Does the product solve the identified challenge?
Was the business aligned on the onset?
Is the business still aligned to the same goals?
Is the success of the product measurable beyond ambiguity?
Product viability risks can be managed by starting with a product management technique called service design. Service design maps out a given service offered by the business not only in context of the customer but also through the organizational dependencies, impacted departments, pain points, manual workflows, etc. For more on the topic, check out our white paper.
The intent of service design is to identify areas of the service that could benefit from a digital product. Similarly, design research is used to survey impacted parties, analyze associated tasks, interview customers, and perform observational studies.

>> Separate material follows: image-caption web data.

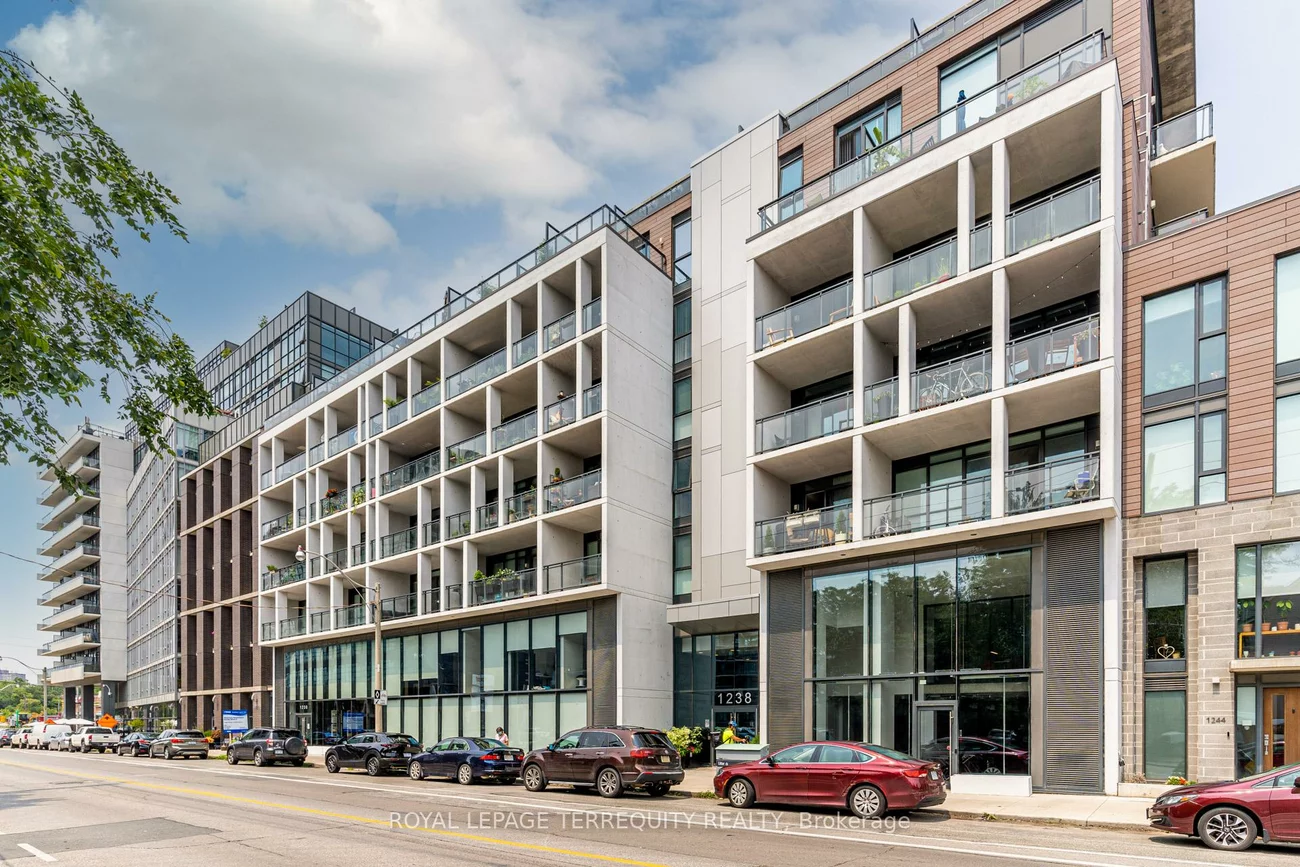 1238, Dundas, South Riverdale, Toronto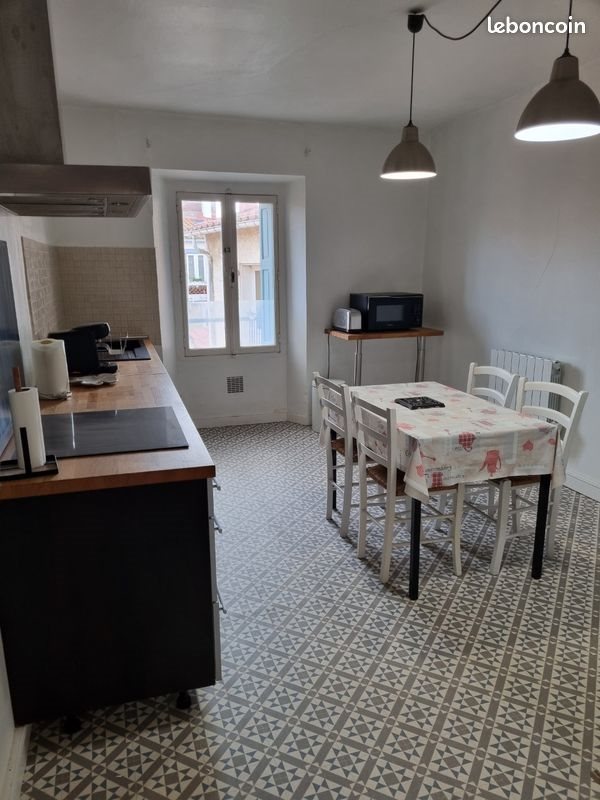 Appartement à louer, 74m², Collioure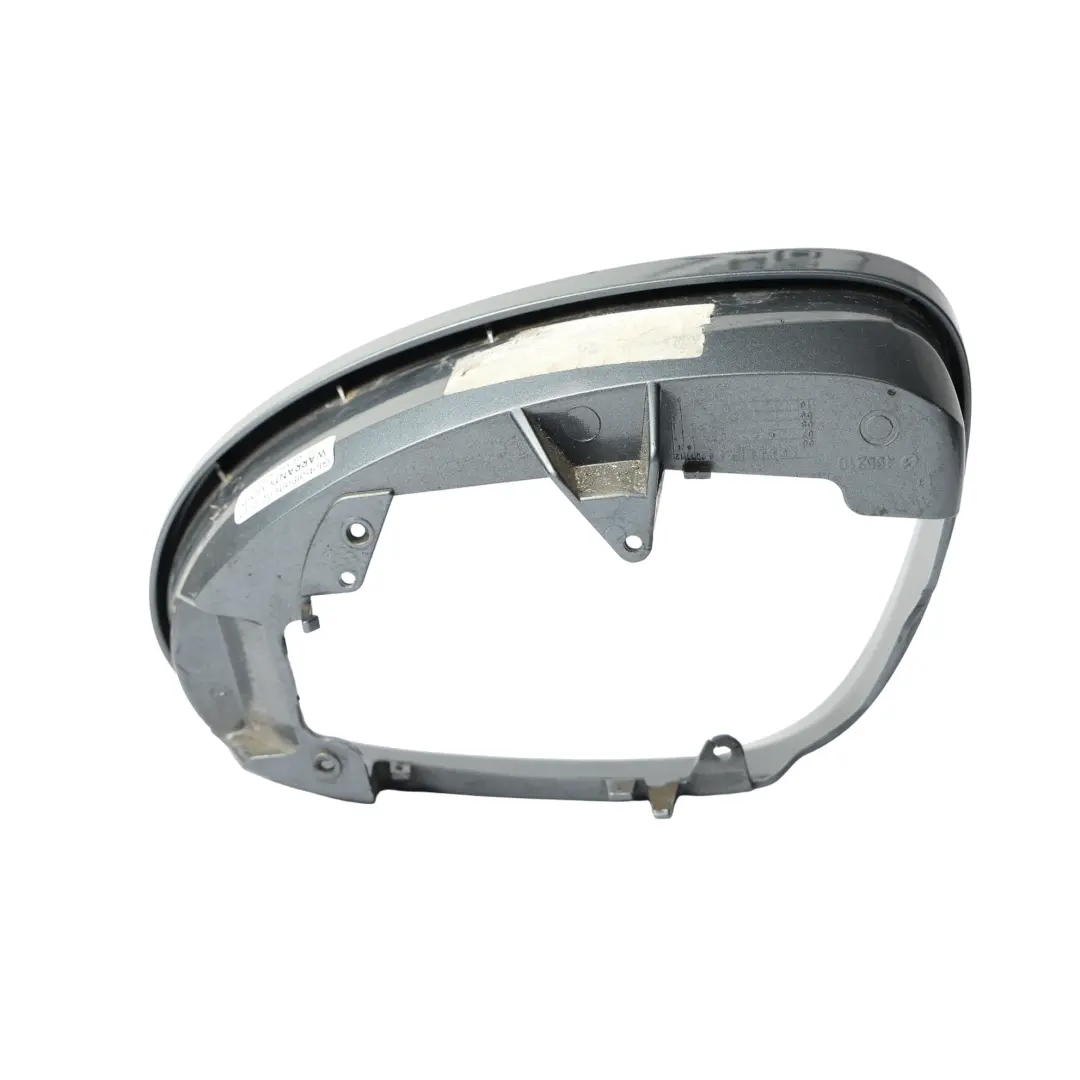 Enjoliveur De Rétroviseur Cache Droite Flint Grey Metallic - 368 pour Mercedes W221 à propos du numéro de pièce A2198100264 Mercedes W221 Enjoliveur De Rétroviseur Cache Droite Flint Grey Metallic - 368 - SKU A2198100264-FLG1 - Numéro de pièce A2198100264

The combined findings from service design and user research should provide the product team enough contextual information to establish a Product Canvas to guide production and use as an antidote to ambiguity.
An effective Product Canvas includes established product goals. Due to the ambiguous nature of new products, goals often run the risk of being loosely defined. Set specific, measurable, and achievable product goals to remedy ambiguity. Then, implement a product analytics tool like Mixpanel™ or Adobe Analytics to collect real data from the field throughout the iterative development process.
Product goals need to be specific, measurable, and achievable.
The combination of service design and a Product Canvas help keep the team aligned. Product goals enable the team to adjust product direction, while analytics data validates or disproves assumptions conceived along the way.